Bürokratieentlastungsgesetz und Jahressteuergesetz 2024 – umsatzsteuerliche Änderungen
Die Parlamentsarbeit lief zuletzt auf Hochtouren und das Vierte Bürokratieentlastungsgesetz (BEG IV) und das Jahressteuergesetz 2024 (JStG 2024) sind jüngst verabschiedet worden. Wir geben einen Überblick über die wesentlichen Änderungen im Bereich der Umsatzsteuer.
1. Bürokratieentlastungsgesetz
Mit dem BEG IV verfolgt der Gesetzgeber das Ziel, den Bürokratieabbau in Deutschland voranzutreiben. Die Umsatzsteuer ist durch nachfolgende Änderungen betroffen:
Die Aufbewahrungsfrist von Rechnungen wird von zehn auf acht Jahre verkürzt (§ 14b Abs. 1 S. 1 UStG). Dies betrifft nicht nur neu ausgestellte Rechnungen, sondern gilt auch für bereits ausgestellte Belege (§ 27 Abs. 40 UStG).
Künftig sind Unternehmer nur noch dann zur monatlichen statt quartalsweiser Abgabe von Voranmeldungen verpflichtet, wenn die Steuer im Vorjahr mehr als 9.000 Euro (bisher 7.500 Euro) betragen hat (§ 18 Abs. 2 S. 2 UStG). Korrespondierend hierzu kann sich der Unternehmer statt der quartalsweisen Abgabe erst ab einem Vorsteuerüberhang von 9.000 Euro (bisher 7.000 Euro) dazu entscheiden, monatliche Voranmeldungen abzugeben.

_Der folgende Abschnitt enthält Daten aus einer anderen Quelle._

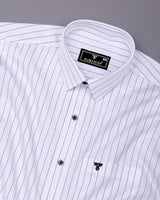 Zelar White With Black Dobby Stripe Premium Gizza Shirt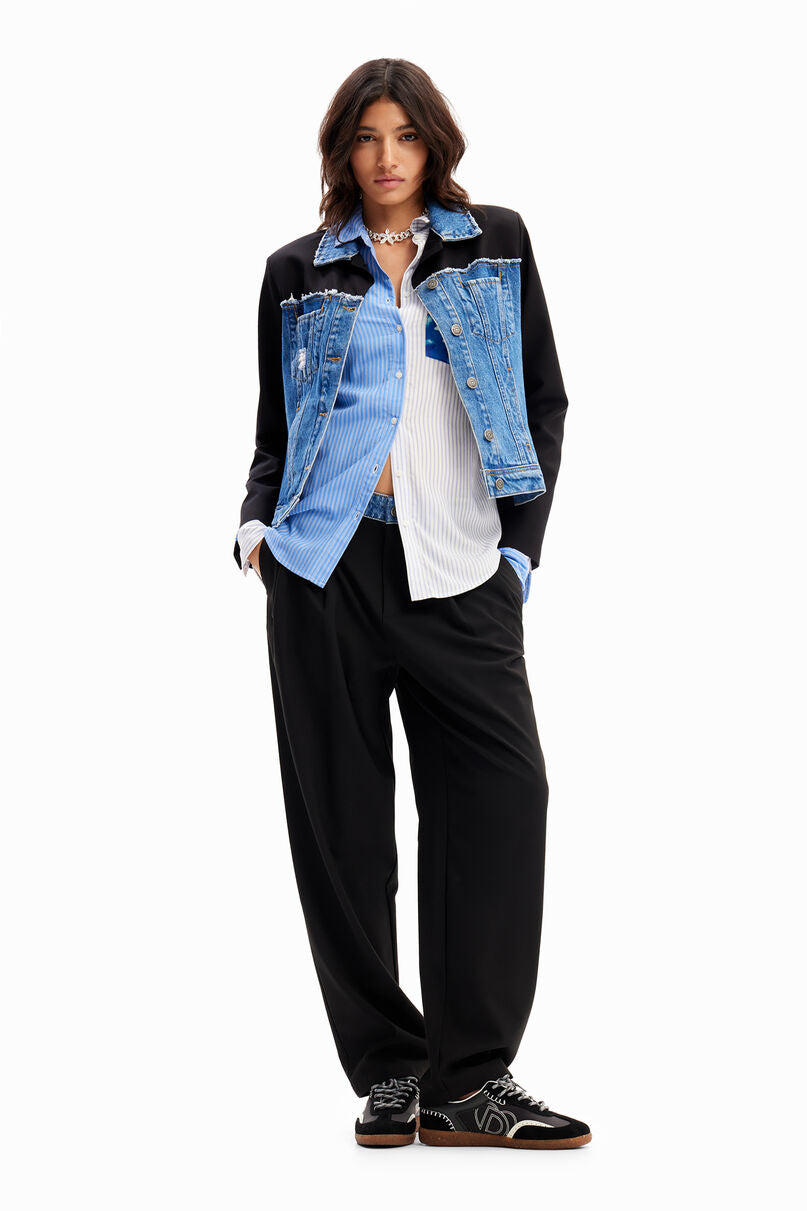 Striped patchwork flower shirt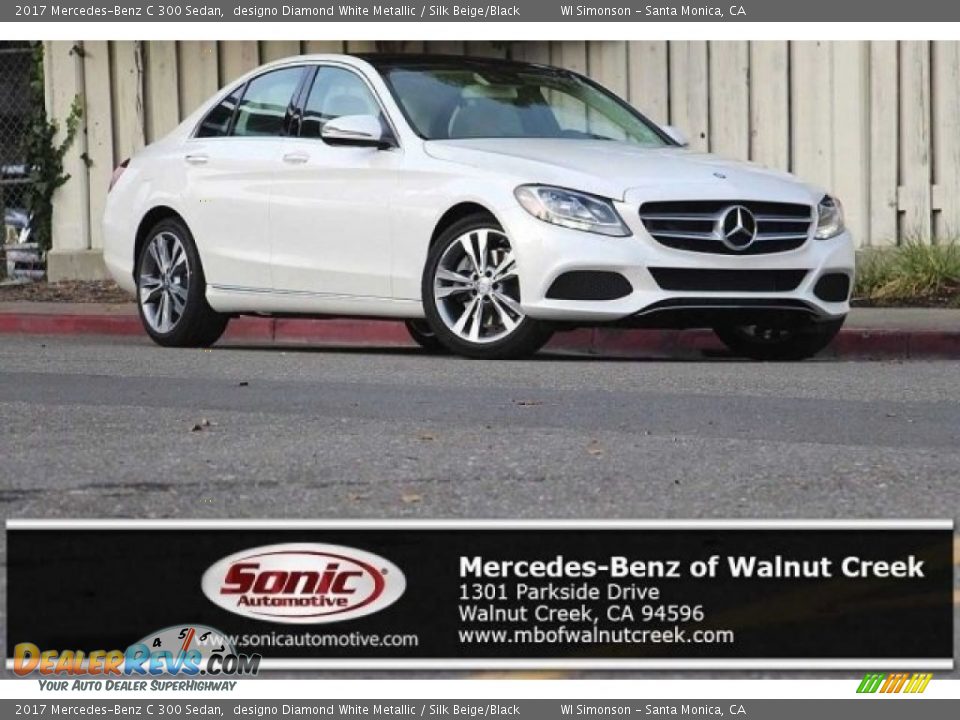 2017 Mercedes-Benz C 300 Sedan designo Diamond White Metallic / Silk Beige/Black Photo #1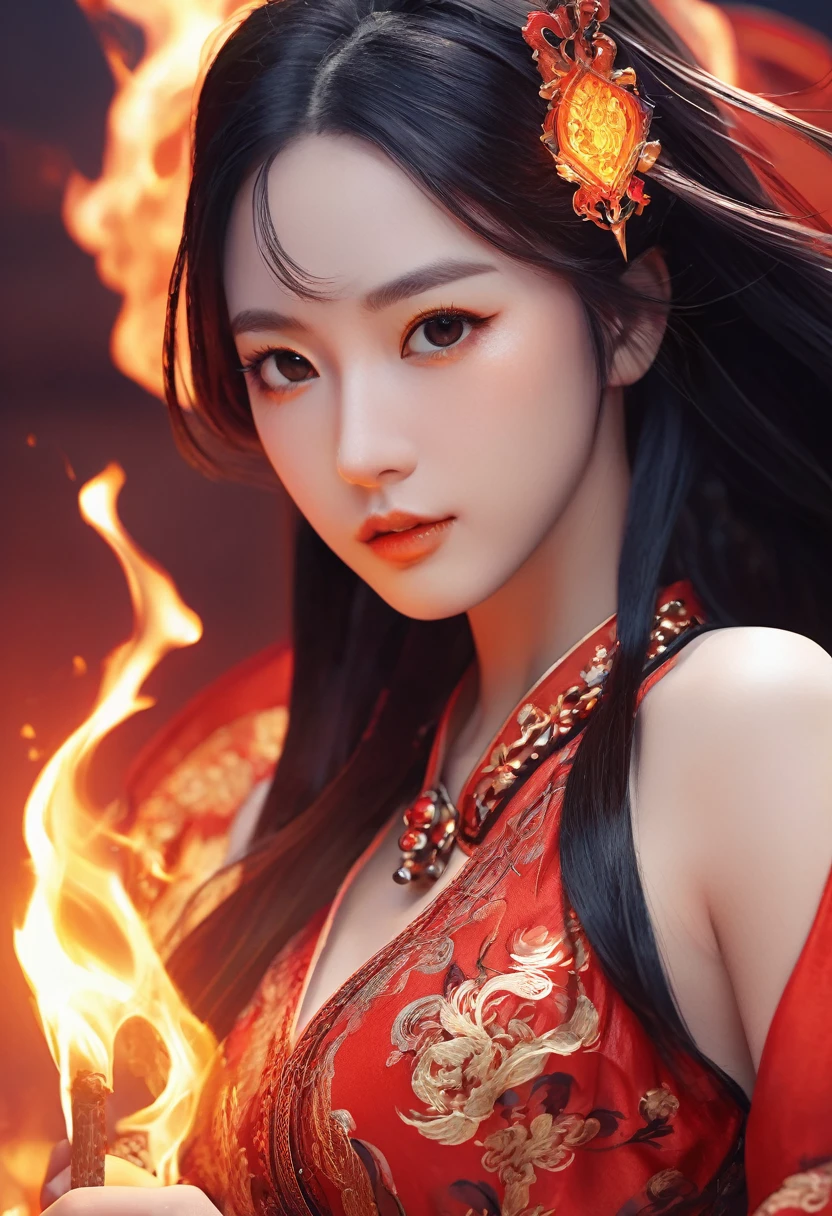 4K anime style quality, digital drawing mode, culture-themed anime female character, long black hair with fiery red highlights, intense amber eyes, wearing a traditional dance outfit adorned with fire symbols, holding flaming torches, Blur the background to create a three-dimensional effect, atmosphere, dancing at the Festival of Flames to invoke power, radiant skin, flowing hair, glossy lips, passionate eyes, full body, dynamic pose, life size, perfect anatomy, detailed skin texture, full HD, 4K, HDR, perfect anatomy, depth of field.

Wiederverkäufer i. S. d. § 25a UStG dürfen künftig Umsätze mit Gegenständen, deren Einkaufspreis maximal 750 Euro (bisher 500 Euro) beträgt, nach der sog. Gesamtdifferenzmethode versteuern.
2. Jahressteuergesetz 2024
Durch das JStG 2024 ergeben sich zahlreiche umsatzsteuerliche Änderungen, die wichtigsten Anpassungen stellen wir nachfolgend vor:
§ 2b UStG – Verlängerung der Übergangsfrist
Die aktuelle (am 31. Dezember 2024 endende) Übergangsregelung wird um weitere zwei Jahre bis zum 31. Dezember 2026 verlängert. Die Neuregelungen zur Besteuerung der öffentlichen Hand sind somit voraussichtlich erst ab 2027 anzuwenden (§ 27 Abs. 22a UStG).
§ 3 Abs. 4 UStG – Werklieferung
In § 3 Abs. 4 UStG wird basierend auf der Rechtsprechung des Bundesfinanzhofs klargestellt werden, dass eine Werklieferungen nur dann vorliegt, wenn bei der Ausführung ein fremder Gegenstand be- oder verarbeitet wird. Liegt diese Voraussetzung nicht vor, handelt es sich entweder um eine Warenlieferung oder um eine Dienstleistung. Die Unterscheidung hat insbesondere Auswirkungen auf die Regelungen zur Steuerschuldumkehr bei Beteiligung ausländischer Unternehmen (§ 13b UStG).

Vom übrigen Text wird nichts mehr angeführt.